The students demanded that the renowned legal luminaries should tell them about the nature of the act passed by the TN assembly. Accordingly retired Judge Hari Paranathaman spoke to the students about the various aspects of the act. He also clarified that any act was challengeable in the apex court. After this the students and other protesters decided to call off their struggle.


Police said they resorted to brutal attack as anti-social and fundamentalist elements had entered the crowd and tried to hijack the protest. This was far from the truth. The protest was orderly and disciplined. Whenever the undesirable slogans or activities surfaced, the students themselves prevented it. But such incidents were very rare and inevitable given the nature of a huge spontaneous struggle. It was clearly an afterthought of the police to justify their brutal attack. While the police acted brutally in all the places, the attack in Chennai, Madurai and Coimbatore was very severe and barbarian in nature.

The police officer at Coimbatore went to the absurd extent of branding DYFI and SFI as anti-national. He also stated that the word “Comrade” was anti-national. Perhaps he was so overwhelmed by the brutal sense of the police that he would have forgotten that his own father was saved by SFI “Comrades” in Kanyakumari few years back when he was attacked in a mindless violence.

The DYFI and SFI cadre fully participated in the struggle. The CPI(M) was the only all India political party to express support to this struggle. Party general secretary, Sitaram Yechury appreciated the struggle and its discipline. Polit Bureau member Prakash Karat was the first to visit the fishermen colony in Chennai where the brutal attack of the police was very severe. He not only condemned the police but also demanded immediate and long term relief to fishermen. He also demanded immediate release of all those arrested by the police.
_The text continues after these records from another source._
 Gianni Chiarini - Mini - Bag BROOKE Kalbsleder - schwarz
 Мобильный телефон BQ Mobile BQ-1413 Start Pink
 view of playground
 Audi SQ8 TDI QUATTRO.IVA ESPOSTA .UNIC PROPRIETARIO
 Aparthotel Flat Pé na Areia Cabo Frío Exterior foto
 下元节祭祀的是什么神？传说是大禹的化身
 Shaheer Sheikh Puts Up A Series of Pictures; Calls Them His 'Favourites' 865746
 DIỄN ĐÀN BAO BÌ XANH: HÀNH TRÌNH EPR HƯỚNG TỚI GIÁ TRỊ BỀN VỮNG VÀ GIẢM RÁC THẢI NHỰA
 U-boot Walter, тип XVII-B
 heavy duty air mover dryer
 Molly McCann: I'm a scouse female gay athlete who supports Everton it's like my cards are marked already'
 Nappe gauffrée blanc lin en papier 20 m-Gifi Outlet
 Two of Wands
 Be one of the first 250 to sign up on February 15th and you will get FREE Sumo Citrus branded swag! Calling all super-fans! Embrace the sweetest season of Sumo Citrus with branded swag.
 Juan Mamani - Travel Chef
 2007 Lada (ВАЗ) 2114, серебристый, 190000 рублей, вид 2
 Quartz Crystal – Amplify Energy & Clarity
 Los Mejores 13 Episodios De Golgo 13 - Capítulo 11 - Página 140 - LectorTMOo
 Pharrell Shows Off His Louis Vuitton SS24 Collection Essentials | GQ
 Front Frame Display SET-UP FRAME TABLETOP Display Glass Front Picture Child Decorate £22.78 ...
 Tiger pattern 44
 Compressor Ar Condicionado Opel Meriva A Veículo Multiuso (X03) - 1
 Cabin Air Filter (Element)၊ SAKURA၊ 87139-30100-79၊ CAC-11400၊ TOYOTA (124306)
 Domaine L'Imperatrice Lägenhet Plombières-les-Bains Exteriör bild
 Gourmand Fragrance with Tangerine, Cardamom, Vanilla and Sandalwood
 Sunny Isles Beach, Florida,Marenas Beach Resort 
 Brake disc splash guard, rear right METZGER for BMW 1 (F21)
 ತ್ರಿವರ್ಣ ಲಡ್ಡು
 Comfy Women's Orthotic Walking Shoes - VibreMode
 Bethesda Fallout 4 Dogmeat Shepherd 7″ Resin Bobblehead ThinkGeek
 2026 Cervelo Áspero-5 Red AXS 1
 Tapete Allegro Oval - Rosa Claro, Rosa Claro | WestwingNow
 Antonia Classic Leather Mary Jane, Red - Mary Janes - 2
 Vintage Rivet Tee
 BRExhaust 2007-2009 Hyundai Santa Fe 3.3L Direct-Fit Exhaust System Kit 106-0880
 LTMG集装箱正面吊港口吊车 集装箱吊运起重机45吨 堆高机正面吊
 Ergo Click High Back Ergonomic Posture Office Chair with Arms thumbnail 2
The timely and immediate act of the Party put great pressure on the state government. A judicial commission under a retired judge has been constituted. The students among those arrested have been released. The reconstruction of a temporary fish market had started. But the Party demanded that all those arrested be released; the police officers in Chennai, Madurai and Coimbatore be transferred to facilitate impartial enquiry. The Party also demanded a court-monitored enquiry.

The trauma generated by the police was a deliberate one to prevent the youth and others from protesting in future. But the youth would not succumb to this. Many of the protesters expressed their desire that they wanted to also protest against farmers issues, Cauvery issue etc. One hopes that such a clarity and purpose in action will dawn on the youth of the state. And one thing is certain. The credibility and faith on the BJP and AIADMK governments has fallen miserably in the eyes of the people of Tamil Nadu.